For their part, liberals were unhappy that the deal was likely to lack an extension of benefits for unemployed workers more than 26 weeks off the job.

The party's leader, Rep. Nancy Pelosi of California, said at one point last week that her rank and file would insist on an extension for the unemployment program as a condition for supporting a budget deal.

The White House pointedly refused to support her position, and she later made additional comments that her staff characterized as a clarification.

Given the internal GOP divisions in the House, Boehner is likely to need Democratic votes to approve any deal by Ryan and Murray. It was not immediately clear how many Democratic lawmakers would support a plan that lacked an extension of unemployment benefits.

Some Democratic officials suggested a possible two-step solution. It included swift passage of any budget agreement that emerges, and then adding an extension of unemployment benefits to must-pass legislation early next year, perhaps a measure to reverse a looming cut in payments to doctors who treat Medicare patients.

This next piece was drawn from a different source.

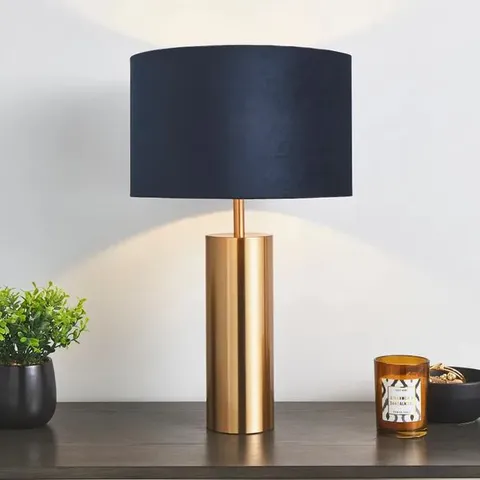 BOXED DUNELM NESA TOUCH TABLE LAMP - NAVY VELVET EFFECT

The bipartisan push for a budget agreement stems from automatic cuts that are themselves the consequence of divided government's ability to complete a sweeping deficit reduction package in 2011.

If left in place, the reductions would carve $91 billion in the current budget year from the day-to-day budgets of the Pentagon and domestic agencies when compared with spending limits set by the hard-fought 2011 budget agreement.

Support for a deal to ease the reductions is strongest in Congress among defense hawks in both houses and both parties who fear the impact on military readiness from a looming $20 billion cut in Pentagon spending.

The White House wanted a deal for a same reason, but also to ease the impact of automatic cuts on domestic programs from education to transportation to the national parks.